Yes, all kinds of mythical explanations for their appearance and disappearance. Lemming populations boom and bust, leading to hoards of lemmings appearing suddenly (dropped from the sky?), getting into everything, and swimming randomly away from shore. Then, after a while, there are none. Like, none. They’ve all gone. Did they all walk out to sea?

Also, they are an arctic creature – so they were almost mythical to begin with.

One night while I lay in a sleeping bag, a spider crawled across my balls.

It tasted awful.

The claim was

(my bolding) which is silly because there is nothing special about the skin. If you are going to provide good sex education then discussing it realistically is better rather than providing nonsense.

The pull out method has a very high failure rate from other factors, including men failing to pull out. That’s what kids need to be told.

Balls to brain: “I taste something fishy here!”
Brain to balls: “Keep it up, we will eventually like it. Do NOT hurry!”

I believed the “blood turns blue after the oxygen is delivered; that’s why veins look blue” myth way, way later than I should have. Like, my son who was in 4th grade corrected me saying “That’s not what Mrs. Teacher said. She said that’s a myth.” So I looked it up. Oops.

“Oh yeah? Well my Mrs. Teacher Lady from back in the 1970s was wrong!”

I also believed ponies were juvenile horses until I read this thread.

If its burning its working

This reminds me so much of a post that I can’t link to because I can’t find it. Suffice to say, someone posted this exchange with her SO (paraphrased):

Her: Aw, this plant died.

Him: Wait, don’t throw it out! Just pour in a lot of water.

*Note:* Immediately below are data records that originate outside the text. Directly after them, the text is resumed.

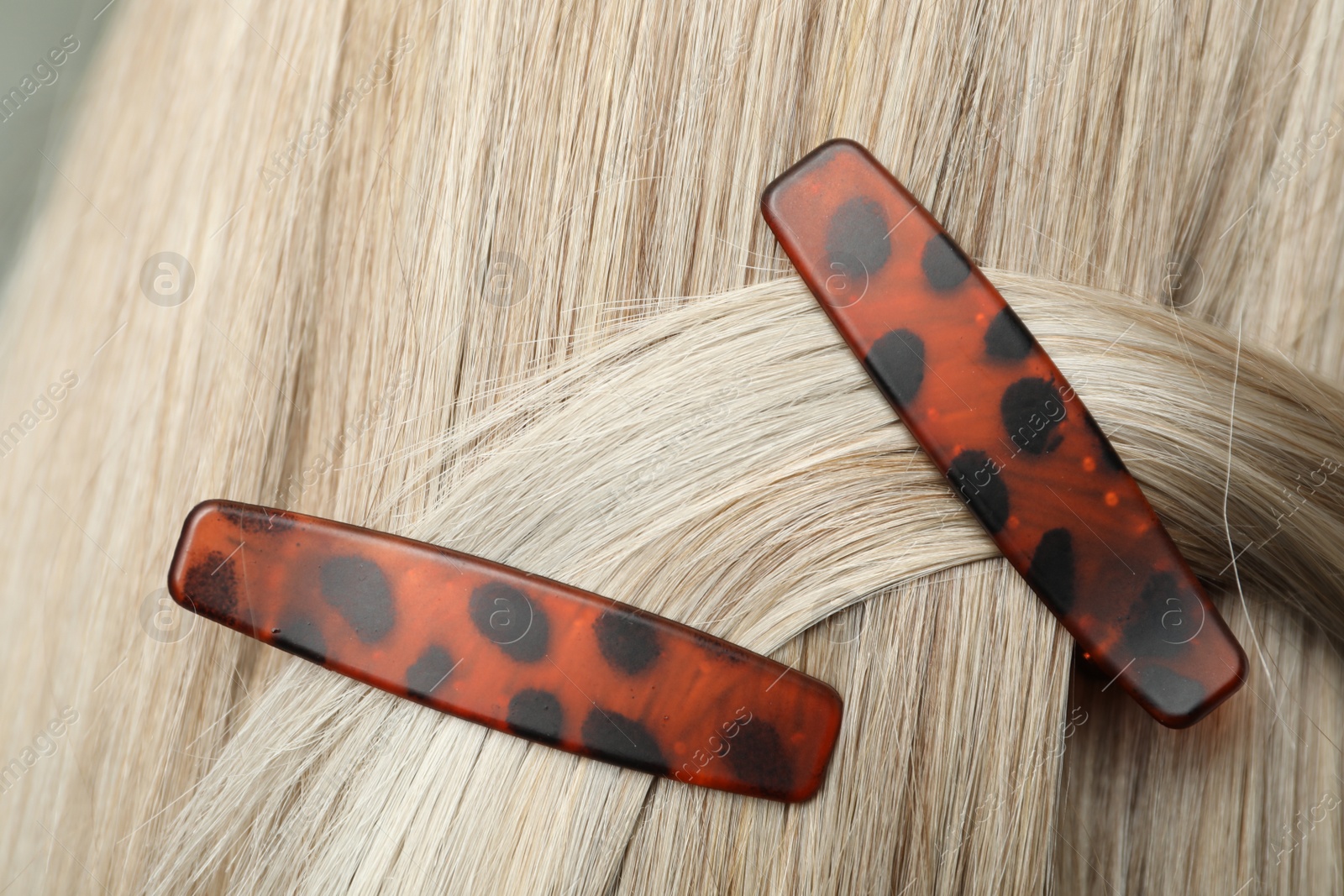 Photo of Woman with beautiful hair clips, closeup view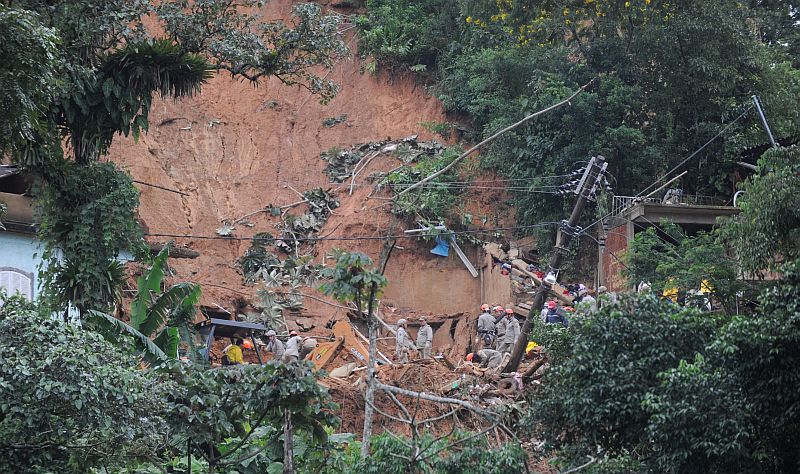 Homens tentam escapar da lama em rua de Bonsucesso, na capital fluminense: chuvas provocaram estragos e mortes no estado do Rio | Agência Brasil / Foto repórter Cristina Índio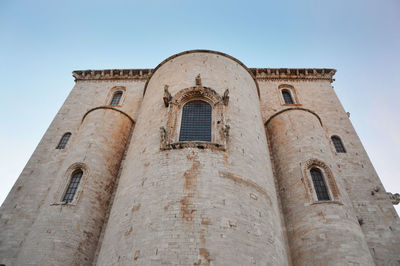 Low angle view of bell tower against sky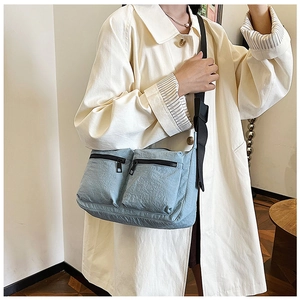 Detail of light blue nylon crossbody bag with black zippers shown on person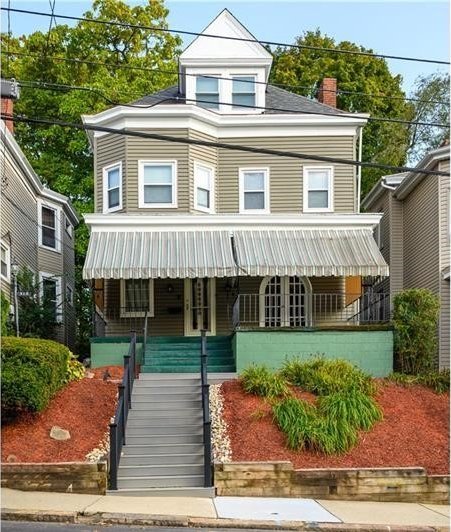 view of front of home featuring covered porch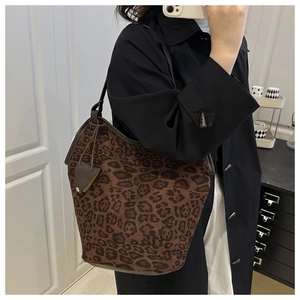 Macro detail of vintage leopard print tote bag with premium faux fur and brown strap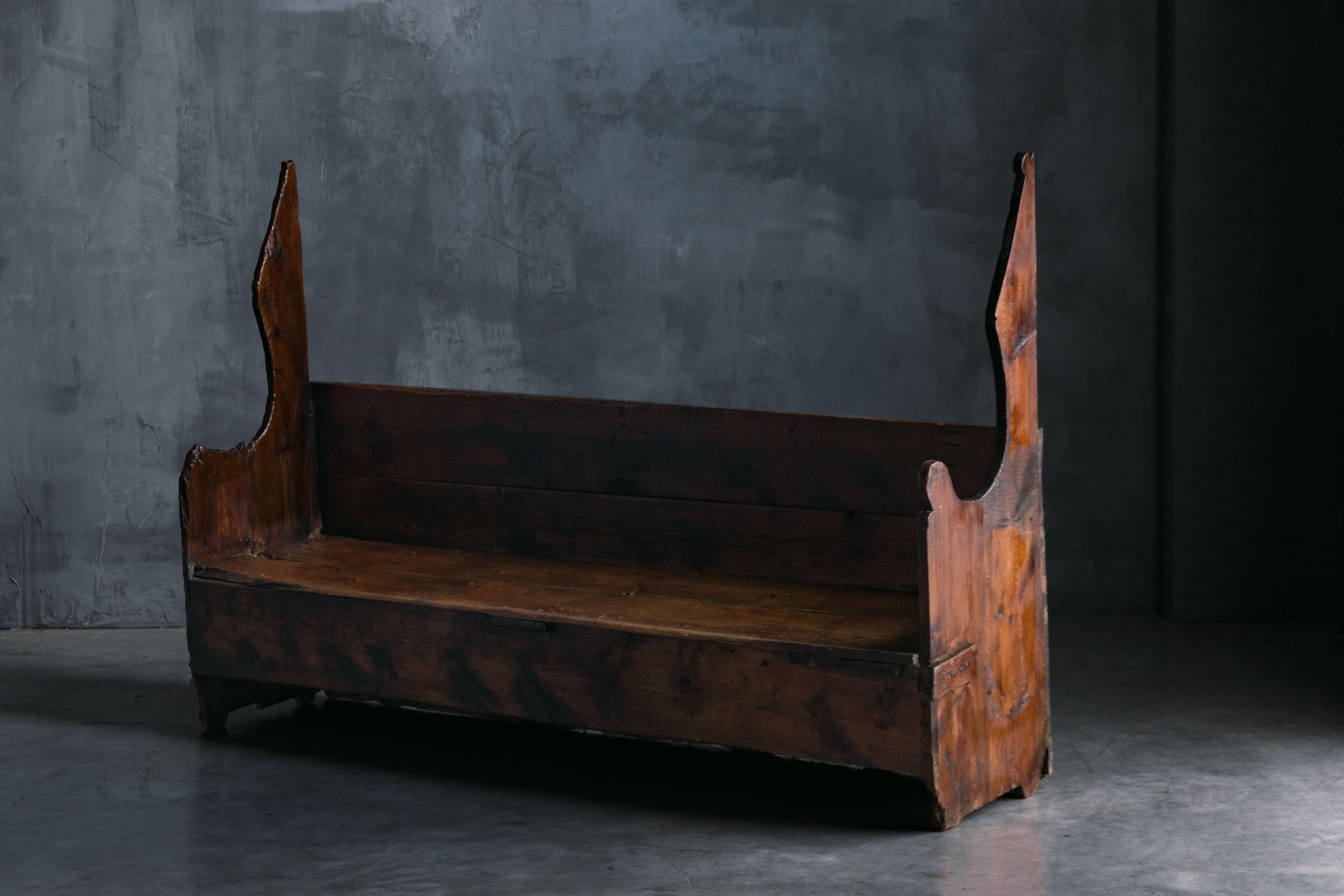 Rustic primitive farmhouse bench dating back to the 1700s from the Catalonia region of Spain. Its structure is crafted from thick, solid wood planks, with a deep, rich patina that has been beautifully worn over centuries of use. The bench is adorned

Her: That won’t work; it’s too late.

Him: No, you can save a plant by watering it a lot. When I was in elementary school, we were growing flowers to give to our moms on Mother’s Day, and I forgot to water mine, and the week before Mother’s Day, it looked just like that. So the teacher told me to pour in some water, and the next day I came in and it was in full bloom. It grew overnight.

Her:…In however many years since then, you never figured out that the teacher replaced your dead flower with a live one?

Him: :eek:

A very wise teacher once told us that much of what he was teaching would likely some day be proven wrong. He said school should be looked at as learning how to think, not what to think.

This one is kind of iffy. Like millions of other examples in English, people use pony as a shorthand and most non-horse people understand the meaning. It’s more of a linguistic mistake than not understanding there are small horse breeds. I doubt if you were standing in front of an adult pony, you would think, ‘there’s a juvenile horse’.

“The beef in Jack in the Box all-beef tacos is actually soy”

“The meatballs in Subway subs are actually just bread”

In retrospect it seems like they would be setting themselves up for a massive lawsuit if a place called something meat when it was actually entirely non-meat.

When I was a kid my dad told me Dairy Queen at some point was required to stop using “burger” to describe their high soy content patties. I think that was the origin of hunger buster.

This thread has made me question that.

There are an astonishing number of people who believe(d) that KFC changed it’s name from Kentucky Fried Chicken because they stopped using chicken.